While ICE raids tear families apart across Pennsylvania, one Democratic congressional candidate actually showed up to help.

Justin Douglas, a Dauphin County Commissioner running for Pennsylvania's 10th Congressional District, picked up endorsements Tuesday from the Asian Pacific Islander Political Alliance, One Pennsylvania, and CASA In Action—organizations representing immigrant communities and people of color who say Douglas has proven himself when it matters most.

Robin Gurung, a board member of API PA who works with Harrisburg's Bhutanese refugee community, told reporters that roughly 20 Bhutanese Pennsylvanians have been deported as Trump's immigration enforcement machine ramps up. When families needed someone to help them see their loved ones one last time before deportation, Douglas was the one who made it happen.

"It was Justin who drove all the way to Pike County Detention Center with families to let them meet with their loved ones before they would be separated forever," Gurung said. "It was Justin who coordinated with community members and community leaders to provide support to the impacted families."

That kind of direct action stands in stark contrast to the usual political playbook of thoughts, prayers, and press releases.

Douglas is running against Janelle Stelson, a former news anchor who lost to incumbent Republican Rep. Scott Perry by just over 5,100 votes in 2024. Since launching her 2026 campaign, Stelson has locked down the establishment lane with endorsements from Gov. Josh Shapiro, state Sen. Patty Kim, the Dauphin County Democratic Committee, and a parade of labor unions.

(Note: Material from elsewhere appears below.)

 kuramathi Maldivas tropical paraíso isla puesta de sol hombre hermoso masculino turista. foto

She also holds a crushing fundraising advantage. Federal Election Commission data shows Stelson ended 2025 with more than $1.5 million in cash on hand. Douglas had roughly $14,300.

But Douglas is unbothered. At Tuesday's press conference, he pointed to his 2023 county commissioner race, where he flipped a seat that had been held by Republicans for a century despite being outspent 20-to-1.

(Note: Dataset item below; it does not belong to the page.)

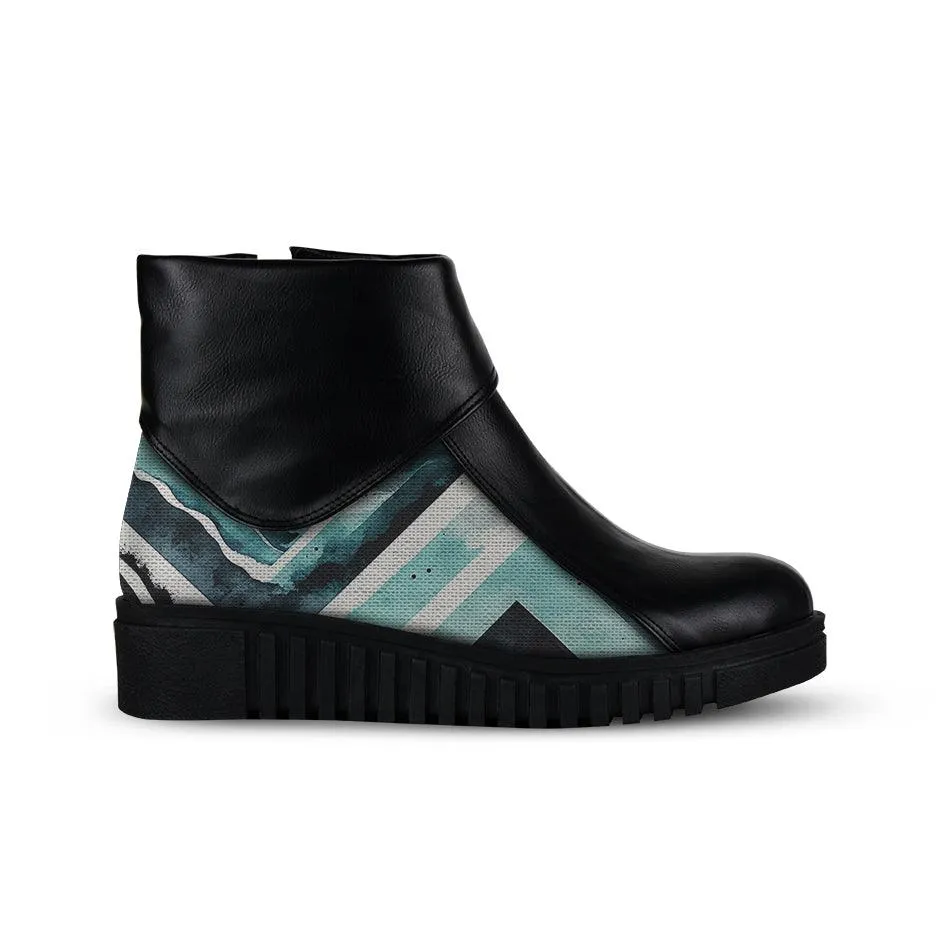 Block Bootie Wavy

"I won. I flipped a seat that hasn't been flipped for 100 years in Dauphin County," Douglas said. "No one else had been able to do it before, and we did it by mobilizing people just like this."

Douglas is now calling for debates with Stelson ahead of the May 19 primary. So far, she has declined.

"Janelle is not ignoring me. She's ignoring the voters," Douglas said. "Voters deserve to hear, side by side, my policies and her policies. She refuses to sit with us, to share her ideas, to take questions in a way that might have to give an account for her policies last time."

A Stelson spokesperson said the candidate is "focused on doing her job—which is beating Congressman Perry and delivering for the people of Central Pennsylvania—so she will not participate in any effort that distracts from that."

Translation: Why risk a debate when you have the money and the establishment endorsements locked down?

Tyler Hartl, an organizer with One Pennsylvania, said his group will mobilize volunteers, create social media content, and organize within the Black community to boost Douglas's campaign. The endorsements reflect a broader frustration among grassroots organizers with Democratic candidates who talk about justice but don't show up when communities are under attack.

Douglas campaigned Tuesday on expanding ballot drop boxes, advocating for prison inmates, supporting universal health care, and banning members of Congress from trading stocks. He framed his candidacy as a challenge to the same political insiders who have failed to deliver structural change.

"I know how hard it is to get by, and I know that decisions made in Washington affect everyday Americans right here in Pennsylvania's 10th district," Douglas said. "Until we send principled leaders there who know what it's like, we're going to keep getting the same Band-Aid fixes to gaping wounds in our economy."

The 10th District primary will test whether Democratic voters reward a candidate who drove families to detention centers or one who collected endorsements from the party establishment. The answer will say a lot about what kind of opposition Democrats plan to mount against Trump's second-term abuses.